August 10, 2015 2015 Reading List Quotes Reviews 0

Millennials BookThis book is subtitled, “Connecting to America’s Largest Generation”. As suggested, the millennial generation has surpassed the Baby Boomer numbers. As a church or business leader, it is important to understand the shifting mindset of this group. Two of my three children are from this generation and I can vouch for the fact that things are very different than they were with my Boomer parents. Obviously the world has changed, but it’s so much more than that; their minds have changed.

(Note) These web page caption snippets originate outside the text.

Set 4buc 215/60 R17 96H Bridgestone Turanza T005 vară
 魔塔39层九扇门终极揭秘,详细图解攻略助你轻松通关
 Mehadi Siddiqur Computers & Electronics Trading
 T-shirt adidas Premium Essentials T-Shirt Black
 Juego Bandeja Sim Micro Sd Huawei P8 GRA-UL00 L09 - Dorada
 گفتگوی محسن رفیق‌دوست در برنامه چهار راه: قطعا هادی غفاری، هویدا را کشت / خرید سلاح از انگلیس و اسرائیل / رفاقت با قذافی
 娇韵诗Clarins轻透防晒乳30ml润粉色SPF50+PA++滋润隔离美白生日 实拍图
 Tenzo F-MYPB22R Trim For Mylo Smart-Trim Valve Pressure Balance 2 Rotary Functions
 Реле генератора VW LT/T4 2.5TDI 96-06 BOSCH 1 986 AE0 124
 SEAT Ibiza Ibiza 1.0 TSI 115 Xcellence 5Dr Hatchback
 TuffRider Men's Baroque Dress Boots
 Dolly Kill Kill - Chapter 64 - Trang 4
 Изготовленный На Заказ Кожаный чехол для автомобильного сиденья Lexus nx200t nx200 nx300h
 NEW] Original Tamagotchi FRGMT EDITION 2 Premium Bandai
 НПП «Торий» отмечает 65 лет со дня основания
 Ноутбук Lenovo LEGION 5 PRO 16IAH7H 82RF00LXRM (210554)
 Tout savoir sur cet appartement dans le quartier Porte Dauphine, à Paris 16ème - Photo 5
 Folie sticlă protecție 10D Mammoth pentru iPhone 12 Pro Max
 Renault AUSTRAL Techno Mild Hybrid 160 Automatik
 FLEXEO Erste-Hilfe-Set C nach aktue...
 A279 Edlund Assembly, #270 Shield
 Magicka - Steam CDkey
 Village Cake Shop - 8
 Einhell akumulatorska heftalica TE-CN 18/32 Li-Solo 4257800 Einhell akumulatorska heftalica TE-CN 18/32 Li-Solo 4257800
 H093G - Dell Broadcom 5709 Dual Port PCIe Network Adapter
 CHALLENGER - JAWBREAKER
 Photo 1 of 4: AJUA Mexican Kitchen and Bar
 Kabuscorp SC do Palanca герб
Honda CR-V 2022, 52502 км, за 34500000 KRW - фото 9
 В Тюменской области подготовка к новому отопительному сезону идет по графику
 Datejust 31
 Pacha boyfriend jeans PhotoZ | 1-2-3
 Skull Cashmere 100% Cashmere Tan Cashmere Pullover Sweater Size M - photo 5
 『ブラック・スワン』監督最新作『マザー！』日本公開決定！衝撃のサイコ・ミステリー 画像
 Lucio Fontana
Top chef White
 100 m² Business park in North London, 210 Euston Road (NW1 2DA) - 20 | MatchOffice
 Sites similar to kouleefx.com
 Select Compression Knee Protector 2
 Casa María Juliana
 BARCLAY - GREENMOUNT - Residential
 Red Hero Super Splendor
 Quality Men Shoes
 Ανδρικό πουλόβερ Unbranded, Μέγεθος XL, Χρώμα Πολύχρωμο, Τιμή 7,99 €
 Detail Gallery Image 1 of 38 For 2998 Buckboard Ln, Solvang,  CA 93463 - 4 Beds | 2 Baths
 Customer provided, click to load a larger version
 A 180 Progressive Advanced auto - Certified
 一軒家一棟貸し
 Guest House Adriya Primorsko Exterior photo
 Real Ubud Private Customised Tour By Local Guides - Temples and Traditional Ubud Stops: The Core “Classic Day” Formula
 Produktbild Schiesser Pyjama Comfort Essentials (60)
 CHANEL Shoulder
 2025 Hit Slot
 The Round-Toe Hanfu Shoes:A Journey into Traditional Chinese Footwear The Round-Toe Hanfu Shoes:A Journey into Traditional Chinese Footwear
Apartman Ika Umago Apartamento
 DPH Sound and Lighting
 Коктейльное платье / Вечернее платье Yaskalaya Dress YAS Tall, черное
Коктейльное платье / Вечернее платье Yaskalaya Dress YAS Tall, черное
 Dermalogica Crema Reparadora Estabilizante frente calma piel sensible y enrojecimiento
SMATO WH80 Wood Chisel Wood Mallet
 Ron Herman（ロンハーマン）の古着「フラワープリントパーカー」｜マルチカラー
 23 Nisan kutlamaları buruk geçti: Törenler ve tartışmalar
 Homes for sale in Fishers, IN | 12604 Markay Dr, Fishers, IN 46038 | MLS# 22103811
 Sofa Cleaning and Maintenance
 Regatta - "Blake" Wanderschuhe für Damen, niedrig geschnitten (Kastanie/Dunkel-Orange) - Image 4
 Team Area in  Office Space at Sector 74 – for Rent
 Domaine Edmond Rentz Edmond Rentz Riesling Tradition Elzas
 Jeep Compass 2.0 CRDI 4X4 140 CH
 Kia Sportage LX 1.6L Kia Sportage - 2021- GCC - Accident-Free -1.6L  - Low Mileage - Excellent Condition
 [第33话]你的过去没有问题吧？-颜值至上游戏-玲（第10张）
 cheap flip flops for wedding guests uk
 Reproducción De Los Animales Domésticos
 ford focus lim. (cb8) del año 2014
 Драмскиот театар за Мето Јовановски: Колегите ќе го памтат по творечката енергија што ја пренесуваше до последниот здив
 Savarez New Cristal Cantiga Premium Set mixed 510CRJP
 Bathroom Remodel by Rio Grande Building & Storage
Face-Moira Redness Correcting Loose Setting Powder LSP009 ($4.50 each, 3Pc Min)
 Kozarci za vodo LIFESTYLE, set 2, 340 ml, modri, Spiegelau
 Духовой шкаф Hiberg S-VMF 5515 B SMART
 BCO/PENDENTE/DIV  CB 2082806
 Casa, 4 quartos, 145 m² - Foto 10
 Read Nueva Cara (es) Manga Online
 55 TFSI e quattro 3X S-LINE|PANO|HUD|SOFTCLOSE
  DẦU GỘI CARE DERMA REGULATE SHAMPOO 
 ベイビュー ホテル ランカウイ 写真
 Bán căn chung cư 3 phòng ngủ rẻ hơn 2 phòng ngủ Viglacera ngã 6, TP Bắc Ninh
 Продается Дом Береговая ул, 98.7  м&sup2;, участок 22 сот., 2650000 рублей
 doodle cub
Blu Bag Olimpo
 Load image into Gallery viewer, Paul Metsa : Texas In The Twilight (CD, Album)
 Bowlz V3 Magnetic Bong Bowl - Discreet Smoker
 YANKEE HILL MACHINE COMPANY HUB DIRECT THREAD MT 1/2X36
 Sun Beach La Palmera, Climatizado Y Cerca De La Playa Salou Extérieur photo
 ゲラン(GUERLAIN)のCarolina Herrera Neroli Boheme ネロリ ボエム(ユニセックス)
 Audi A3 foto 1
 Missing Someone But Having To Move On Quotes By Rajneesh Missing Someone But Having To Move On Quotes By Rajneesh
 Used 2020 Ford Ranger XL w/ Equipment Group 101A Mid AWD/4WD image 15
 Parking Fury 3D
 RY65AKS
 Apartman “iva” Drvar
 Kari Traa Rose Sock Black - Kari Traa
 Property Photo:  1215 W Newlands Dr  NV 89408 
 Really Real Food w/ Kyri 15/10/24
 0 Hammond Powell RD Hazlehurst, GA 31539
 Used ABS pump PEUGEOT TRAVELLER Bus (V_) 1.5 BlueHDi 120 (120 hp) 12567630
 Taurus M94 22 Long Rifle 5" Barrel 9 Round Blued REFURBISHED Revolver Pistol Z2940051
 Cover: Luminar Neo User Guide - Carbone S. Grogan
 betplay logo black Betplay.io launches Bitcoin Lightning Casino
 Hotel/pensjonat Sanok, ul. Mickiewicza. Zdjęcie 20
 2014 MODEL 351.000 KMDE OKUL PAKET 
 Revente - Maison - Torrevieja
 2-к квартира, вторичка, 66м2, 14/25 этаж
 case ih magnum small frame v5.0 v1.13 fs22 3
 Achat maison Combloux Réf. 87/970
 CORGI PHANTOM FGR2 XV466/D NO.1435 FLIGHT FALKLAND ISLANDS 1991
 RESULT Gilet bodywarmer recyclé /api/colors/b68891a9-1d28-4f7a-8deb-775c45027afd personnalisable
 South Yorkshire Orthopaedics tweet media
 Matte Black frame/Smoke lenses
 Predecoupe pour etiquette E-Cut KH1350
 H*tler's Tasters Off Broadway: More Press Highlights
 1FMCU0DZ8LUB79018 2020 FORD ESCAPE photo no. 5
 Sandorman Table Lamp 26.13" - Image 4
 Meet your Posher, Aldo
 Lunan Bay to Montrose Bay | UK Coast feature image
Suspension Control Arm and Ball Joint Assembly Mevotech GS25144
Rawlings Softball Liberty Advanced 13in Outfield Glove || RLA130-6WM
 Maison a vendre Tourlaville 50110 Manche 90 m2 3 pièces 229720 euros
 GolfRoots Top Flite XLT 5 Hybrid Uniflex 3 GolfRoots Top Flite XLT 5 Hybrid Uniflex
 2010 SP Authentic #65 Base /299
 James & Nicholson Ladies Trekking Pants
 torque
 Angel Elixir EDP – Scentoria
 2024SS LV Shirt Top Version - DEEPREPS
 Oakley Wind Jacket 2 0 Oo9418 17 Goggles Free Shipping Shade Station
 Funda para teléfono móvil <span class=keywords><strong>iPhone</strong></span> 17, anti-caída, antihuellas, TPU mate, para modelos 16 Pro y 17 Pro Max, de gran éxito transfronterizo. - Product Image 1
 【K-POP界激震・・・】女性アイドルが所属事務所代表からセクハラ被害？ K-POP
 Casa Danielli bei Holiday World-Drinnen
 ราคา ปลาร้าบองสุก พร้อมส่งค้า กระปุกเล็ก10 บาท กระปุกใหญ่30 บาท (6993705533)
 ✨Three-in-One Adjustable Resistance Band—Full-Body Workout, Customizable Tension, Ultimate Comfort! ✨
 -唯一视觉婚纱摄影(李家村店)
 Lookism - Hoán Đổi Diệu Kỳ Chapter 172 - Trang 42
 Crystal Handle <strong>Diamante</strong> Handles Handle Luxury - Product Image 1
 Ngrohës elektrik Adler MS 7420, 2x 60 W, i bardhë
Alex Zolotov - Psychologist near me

I love working with high school and college students, most of which are currently millennials. When I was given this book, I was excited. I am always looking for ways to connect and improve my communications with young people. As I read the book, I was let down. First of all, this book only studied the older half of the Millennial Generation (those born between 1980 and 1990). Secondly, this 284 page book could have been condensed to 5 pages of statistics followed by 25 pages of quotes and supporting documentation. The book was extremely repetitive and not well written. It jumps between the first person of 2 different authors and 3rd person without clear transitions. Simple language is made complex through irrelevance. I am confident that there are better sources for the information I am desirous to learn about this generation. Nonetheless, I like to finish what I start and glean whatever I can; so, I did highlight a few items during my reading:

  • Millennial Generation, a group of young people whose birth years range from 1980 to 2000.
  • If a Millennial does achieve wealth, fame, or power, it is a means to a greater good than an end in and of itself.
  • Only 13 percent of Millennials considered any type of spirituality to be important in their lives.
  • The Millennials rarely describe someone first by their skin color or by their ethnic origin. That’s not what is at the foremost of our minds.
  • Among the Millennials who are self-described Christians, only 18 percent said their religion was important to them. Among those who held to basic Christian doctrine (the majority of self-described Christians do not), only 38 percent said their faith was important.
  • This young generation was also clear on their expectations of the federal government. They wanted more centralized power in the government, and they thought Obama would more likely deliver on that expectation. Different exit polls generally demonstrated that eight out of ten wanted a stronger governmental role in our lives.
  • Millennials by a 71 percent to 29 percent margin thought the federal government should guarantee health-care coverage for all Americans.
  • It seems like every time I read about a Christian leader, he’s telling people what he’s against. It just all seems so negative – quoting a Millennial
  • Religion is thus viewed by many of the Millennials as just another divisive force in the world.
  • Music, Internet, and television each outranked religious beliefs, a spouse, and a boss in terms of influence.
  • Nearly three-fourths of the generation call themselves spiritual but not religious.
  • The news of the morning paper is old. It happened yesterday. They already know the events from the previous day. It’s time to move forward.